Many of us rely on contact lenses to correct our vision sans the trouble of wearing glasses, and may not think twice about how we toss them out at the end of the day. But according to a recent press release, your daily contact lens use might have a bigger environmental impact than you think — so it’s important to know how to dispose of them safely. Arizona State University researchers convening at the National Meeting & Exposition of the American Chemical Society (ACS) are sharing evidence that tossing our contact lenses down the drain when we’re done with them is contributing to environmental pollution in some surprising ways.
According to Scientific American, Americans flush up to 2.9 billion contact lenses down the drain every year. Scientific American reports that lead study author and ASU doctoral student Charles Rolsky said that while plenty of research examines the negative effects of single-use plastics like fishing gear, plastic straws, and plastic bags, the effects of microplastics — like those from disposable contact lenses — on our soil and waterways are less well-known. Rolsky was quoted as saying in the recent press release that, in order to better grasp the environmental cost of disposable contact lens use, the research team “began looking into the U.S. market and conducted a survey of contact lens wearers.” The team found that 15 to 20 percent of contact wearers in the United States flush their lenses down the drain or toilet at the end of their use, and the environmental costs are adding up.
The New York Times reports that, by making their way into the water supply, the tiny lenses are contributing to environmental pollution — so knowing the best way to throw them out is key. The New York Times further reports that, according to a 2015 study, up to 236,000 metric tons of microplastics were found in ocean water. As these plastics pose a potential threat to seawater-grazing animals, coral, and marine life, it’s clear that making consistent efforts to keep them out of our waters is crucial. Scientific American also notes that not only do plastics from contacts end up in our waterways, where they don’t biodegrade effectively, small fragments can also end up in our soil.

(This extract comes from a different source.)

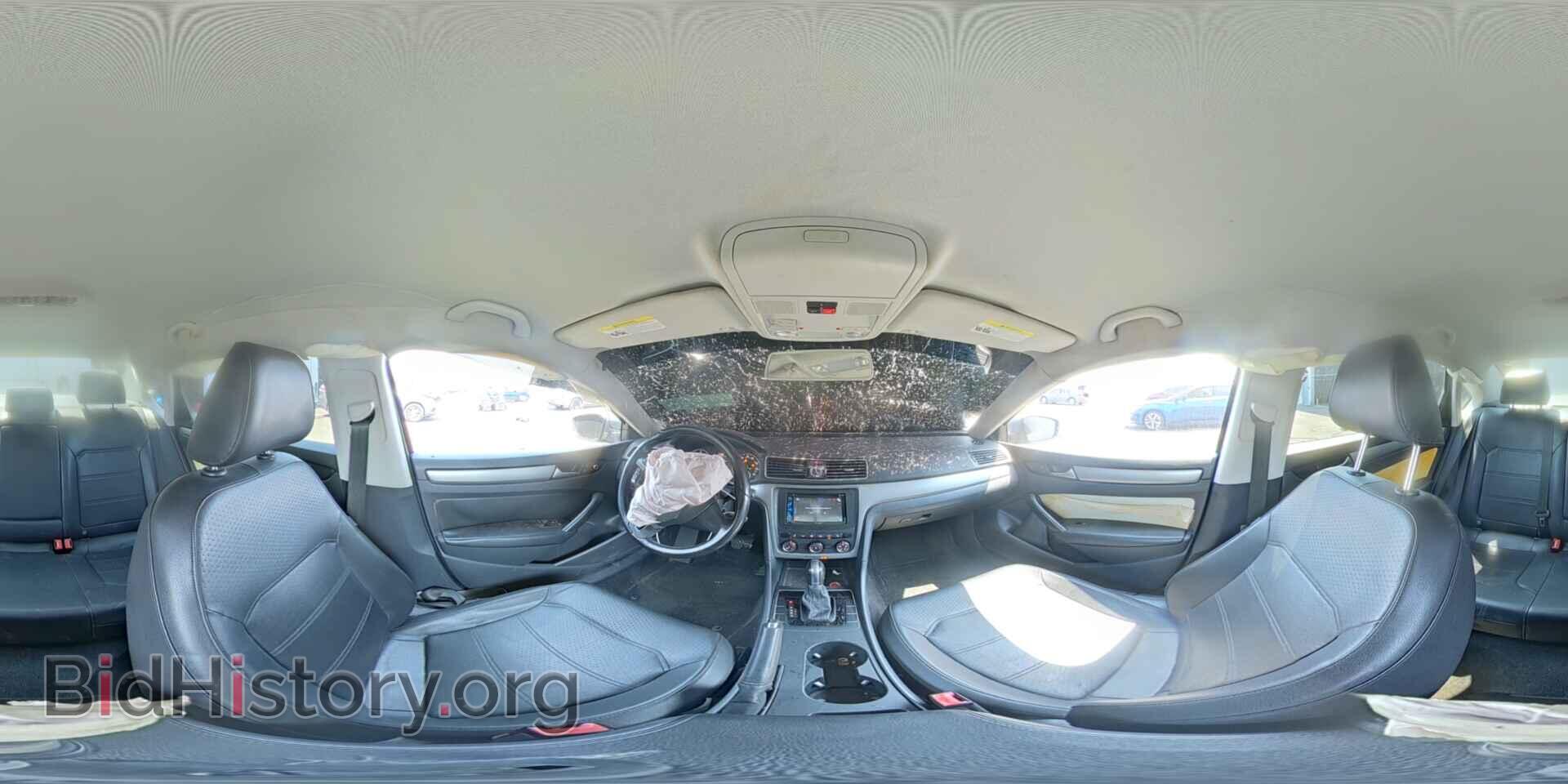 2015 VOLKSWAGEN PASSAT - VIN: 1VWAT7A31FC075565 - Фото 15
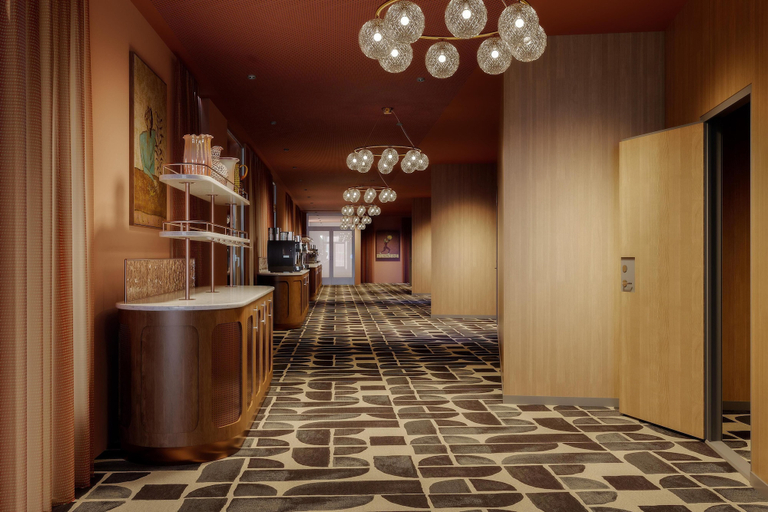 Meeting facility 4, Scandic Charlottenburg, Berlin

Luckily, the solution is pretty simple — if you prefer your contacts to glasses and want to keep wearing them, make sure to toss them in the garbage instead of flushing them down the sink or toilet. The New York Times further notes that while current contact lens packaging doesn’t make specific recommendations as to how to best toss them out, this could change soon. And some manufacturers have also started programs to reuse the plastic and recycle contact lens packaging. According to the press release, the study’s authors hope to see updated labeling on contact lens packaging soon, but in the meantime, just make sure to toss them in the kitchen or bathroom garbage bin — and avoid ditching them down the sink or toilet.